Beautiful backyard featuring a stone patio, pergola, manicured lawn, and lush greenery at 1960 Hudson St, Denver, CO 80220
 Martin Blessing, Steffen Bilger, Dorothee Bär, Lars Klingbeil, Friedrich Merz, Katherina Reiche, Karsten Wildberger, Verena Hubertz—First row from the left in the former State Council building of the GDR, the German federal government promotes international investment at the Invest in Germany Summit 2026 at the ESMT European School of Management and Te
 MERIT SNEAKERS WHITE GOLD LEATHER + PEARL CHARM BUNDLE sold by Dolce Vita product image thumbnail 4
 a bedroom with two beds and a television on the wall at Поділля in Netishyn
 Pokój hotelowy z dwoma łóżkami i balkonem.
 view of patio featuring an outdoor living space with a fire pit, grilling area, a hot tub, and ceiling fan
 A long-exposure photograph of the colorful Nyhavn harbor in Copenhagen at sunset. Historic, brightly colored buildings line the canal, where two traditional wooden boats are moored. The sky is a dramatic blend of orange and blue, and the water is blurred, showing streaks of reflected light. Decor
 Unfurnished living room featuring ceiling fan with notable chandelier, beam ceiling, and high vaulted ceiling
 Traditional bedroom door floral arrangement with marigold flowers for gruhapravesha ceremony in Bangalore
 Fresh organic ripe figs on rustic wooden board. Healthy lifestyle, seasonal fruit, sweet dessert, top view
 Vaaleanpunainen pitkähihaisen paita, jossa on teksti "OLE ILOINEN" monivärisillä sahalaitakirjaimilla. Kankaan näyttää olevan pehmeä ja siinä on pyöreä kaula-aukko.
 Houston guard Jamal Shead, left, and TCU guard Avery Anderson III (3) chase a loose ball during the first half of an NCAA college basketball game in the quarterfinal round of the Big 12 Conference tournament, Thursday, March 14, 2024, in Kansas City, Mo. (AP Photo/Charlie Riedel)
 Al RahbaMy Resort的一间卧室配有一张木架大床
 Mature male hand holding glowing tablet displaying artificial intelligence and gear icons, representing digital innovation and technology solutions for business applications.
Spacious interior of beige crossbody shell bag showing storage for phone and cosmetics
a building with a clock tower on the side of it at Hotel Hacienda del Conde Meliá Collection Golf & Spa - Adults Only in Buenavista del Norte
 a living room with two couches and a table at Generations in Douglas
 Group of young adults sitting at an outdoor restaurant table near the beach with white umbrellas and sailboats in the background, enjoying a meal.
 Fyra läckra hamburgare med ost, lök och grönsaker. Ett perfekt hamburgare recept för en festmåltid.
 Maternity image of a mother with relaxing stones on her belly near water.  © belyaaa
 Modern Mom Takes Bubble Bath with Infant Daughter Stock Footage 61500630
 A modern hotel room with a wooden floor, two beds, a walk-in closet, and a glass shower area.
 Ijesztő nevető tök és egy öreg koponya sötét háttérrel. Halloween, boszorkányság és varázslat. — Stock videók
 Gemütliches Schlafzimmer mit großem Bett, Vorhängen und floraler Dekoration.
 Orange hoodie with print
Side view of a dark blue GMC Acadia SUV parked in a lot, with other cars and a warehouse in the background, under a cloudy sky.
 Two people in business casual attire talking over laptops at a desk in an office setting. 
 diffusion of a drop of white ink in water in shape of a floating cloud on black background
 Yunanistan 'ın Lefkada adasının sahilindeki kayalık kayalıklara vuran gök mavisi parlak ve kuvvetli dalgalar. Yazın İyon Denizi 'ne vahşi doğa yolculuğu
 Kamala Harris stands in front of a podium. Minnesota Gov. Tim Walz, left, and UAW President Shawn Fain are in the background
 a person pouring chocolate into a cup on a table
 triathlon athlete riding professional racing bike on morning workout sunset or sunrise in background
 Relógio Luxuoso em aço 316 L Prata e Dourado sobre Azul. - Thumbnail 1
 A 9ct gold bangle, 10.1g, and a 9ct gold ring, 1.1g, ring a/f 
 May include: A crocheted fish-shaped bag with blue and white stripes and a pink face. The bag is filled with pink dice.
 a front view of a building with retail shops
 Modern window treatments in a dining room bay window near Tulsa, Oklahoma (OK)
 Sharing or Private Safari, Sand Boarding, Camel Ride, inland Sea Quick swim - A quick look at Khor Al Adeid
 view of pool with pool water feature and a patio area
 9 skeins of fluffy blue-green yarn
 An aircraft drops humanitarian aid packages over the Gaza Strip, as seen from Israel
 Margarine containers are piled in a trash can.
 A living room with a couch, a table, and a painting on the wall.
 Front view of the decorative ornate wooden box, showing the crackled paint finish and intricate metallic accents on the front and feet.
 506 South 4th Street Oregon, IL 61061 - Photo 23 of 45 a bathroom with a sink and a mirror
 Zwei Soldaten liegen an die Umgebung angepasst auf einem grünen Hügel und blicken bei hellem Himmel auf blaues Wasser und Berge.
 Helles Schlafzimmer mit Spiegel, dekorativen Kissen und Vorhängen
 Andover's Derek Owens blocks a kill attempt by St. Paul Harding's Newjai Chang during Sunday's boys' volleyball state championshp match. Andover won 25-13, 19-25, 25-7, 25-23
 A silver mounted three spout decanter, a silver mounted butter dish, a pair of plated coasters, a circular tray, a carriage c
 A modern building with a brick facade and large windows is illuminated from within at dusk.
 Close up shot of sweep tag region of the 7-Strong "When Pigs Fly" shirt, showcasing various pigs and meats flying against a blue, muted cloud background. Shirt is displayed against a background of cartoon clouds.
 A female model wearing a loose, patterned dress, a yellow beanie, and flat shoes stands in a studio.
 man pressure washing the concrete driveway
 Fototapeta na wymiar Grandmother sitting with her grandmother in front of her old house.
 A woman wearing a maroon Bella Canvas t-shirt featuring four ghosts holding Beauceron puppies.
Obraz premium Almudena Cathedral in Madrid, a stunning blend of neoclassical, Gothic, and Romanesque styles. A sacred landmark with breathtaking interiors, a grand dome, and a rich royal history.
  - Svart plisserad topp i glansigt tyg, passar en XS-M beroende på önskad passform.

○ ○ ○ ○ ○ ○ ○

__Task instructions__
The answer must be an exact transcription of every record above.

__Answer area__
Beautiful backyard featuring a stone patio, pergola, manicured lawn, and lush greenery at 1960 Hudson St, Denver, CO 80220
 Martin Blessing, Steffen Bilger, Dorothee Bär, Lars Klingbeil, Friedrich Merz, Katherina Reiche, Karsten Wildberger, Verena Hubertz—First row from the left in the former State Council building of the GDR, the German federal government promotes international investment at the Invest in Germany Summit 2026 at the ESMT European School of Management and Te
 MERIT SNEAKERS WHITE GOLD LEATHER + PEARL CHARM BUNDLE sold by Dolce Vita product image thumbnail 4
 a bedroom with two beds and a television on the wall at Поділля in Netishyn
 Pokój hotelowy z dwoma łóżkami i balkonem.
 view of patio featuring an outdoor living space with a fire pit, grilling area, a hot tub, and ceiling fan
 A long-exposure photograph of the colorful Nyhavn harbor in Copenhagen at sunset. Historic, brightly colored buildings line the canal, where two traditional wooden boats are moored. The sky is a dramatic blend of orange and blue, and the water is blurred, showing streaks of reflected light. Decor
 Unfurnished living room featuring ceiling fan with notable chandelier, beam ceiling, and high vaulted ceiling
 Traditional bedroom door floral arrangement with marigold flowers for gruhapravesha ceremony in Bangalore
 Fresh organic ripe figs on rustic wooden board. Healthy lifestyle, seasonal fruit, sweet dessert, top view
 Vaaleanpunainen pitkähihaisen paita, jossa on teksti "OLE ILOINEN" monivärisillä sahalaitakirjaimilla. Kankaan näyttää olevan pehmeä ja siinä on pyöreä kaula-aukko.
 Houston guard Jamal Shead, left, and TCU guard Avery Anderson III (3) chase a loose ball during the first half of an NCAA college basketball game in the quarterfinal round of the Big 12 Conference tournament, Thursday, March 14, 2024, in Kansas City, Mo. (AP Photo/Charlie Riedel)
 Al RahbaMy Resort的一间卧室配有一张木架大床
 Mature male hand holding glowing tablet displaying artificial intelligence and gear icons, representing digital innovation and technology solutions for business applications.
Spacious interior of beige crossbody shell bag showing storage for phone and cosmetics
a building with a clock tower on the side of it at Hotel Hacienda del Conde Meliá Collection Golf & Spa - Adults Only in Buenavista del Norte
 a living room with two couches and a table at Generations in Douglas
 Group of young adults sitting at an outdoor restaurant table near the beach with white umbrellas and sailboats in the background, enjoying a meal.
 Fyra läckra hamburgare med ost, lök och grönsaker. Ett perfekt hamburgare recept för en festmåltid.
 Maternity image of a mother with relaxing stones on her belly near water.  © belyaaa
 Modern Mom Takes Bubble Bath with Infant Daughter Stock Footage 61500630
 A modern hotel room with a wooden floor, two beds, a walk-in closet, and a glass shower area.
 Ijesztő nevető tök és egy öreg koponya sötét háttérrel. Halloween, boszorkányság és varázslat. — Stock videók
 Gemütliches Schlafzimmer mit großem Bett, Vorhängen und floraler Dekoration.
 Orange hoodie with print
Side view of a dark blue GMC Acadia SUV parked in a lot, with other cars and a warehouse in the background, under a cloudy sky.
 Two people in business casual attire talking over laptops at a desk in an office setting. 
 diffusion of a drop of white ink in water in shape of a floating cloud on black background
 Yunanistan 'ın Lefkada adasının sahilindeki kayalık kayalıklara vuran gök mavisi parlak ve kuvvetli dalgalar. Yazın İyon Denizi 'ne vahşi doğa yolculuğu
 Kamala Harris stands in front of a podium. Minnesota Gov. Tim Walz, left, and UAW President Shawn Fain are in the background
 a person pouring chocolate into a cup on a table
 triathlon athlete riding professional racing bike on morning workout sunset or sunrise in background
 Relógio Luxuoso em aço 316 L Prata e Dourado sobre Azul. - Thumbnail 1
 A 9ct gold bangle, 10.1g, and a 9ct gold ring, 1.1g, ring a/f 
 May include: A crocheted fish-shaped bag with blue and white stripes and a pink face. The bag is filled with pink dice.
 a front view of a building with retail shops
 Modern window treatments in a dining room bay window near Tulsa, Oklahoma (OK)
 Sharing or Private Safari, Sand Boarding, Camel Ride, inland Sea Quick swim - A quick look at Khor Al Adeid
 view of pool with pool water feature and a patio area
 9 skeins of fluffy blue-green yarn
 An aircraft drops humanitarian aid packages over the Gaza Strip, as seen from Israel
 Margarine containers are piled in a trash can.
 A living room with a couch, a table, and a painting on the wall.
 Front view of the decorative ornate wooden box, showing the crackled paint finish and intricate metallic accents on the front and feet.
 506 South 4th Street Oregon, IL 61061 - Photo 23 of 45 a bathroom with a sink and a mirror
 Zwei Soldaten liegen an die Umgebung angepasst auf einem grünen Hügel und blicken bei hellem Himmel auf blaues Wasser und Berge.
 Helles Schlafzimmer mit Spiegel, dekorativen Kissen und Vorhängen
 Andover's Derek Owens blocks a kill attempt by St. Paul Harding's Newjai Chang during Sunday's boys' volleyball state championshp match. Andover won 25-13, 19-25, 25-7, 25-23
 A silver mounted three spout decanter, a silver mounted butter dish, a pair of plated coasters, a circular tray, a carriage c
 A modern building with a brick facade and large windows is illuminated from within at dusk.
 Close up shot of sweep tag region of the 7-Strong "When Pigs Fly" shirt, showcasing various pigs and meats flying against a blue, muted cloud background. Shirt is displayed against a background of cartoon clouds.
 A female model wearing a loose, patterned dress, a yellow beanie, and flat shoes stands in a studio.
 man pressure washing the concrete driveway
 Fototapeta na wymiar Grandmother sitting with her grandmother in front of her old house.
 A woman wearing a maroon Bella Canvas t-shirt featuring four ghosts holding Beauceron puppies.
Obraz premium Almudena Cathedral in Madrid, a stunning blend of neoclassical, Gothic, and Romanesque styles. A sacred landmark with breathtaking interiors, a grand dome, and a rich royal history.
  - Svart plisserad topp i glansigt tyg, passar en XS-M beroende på önskad passform.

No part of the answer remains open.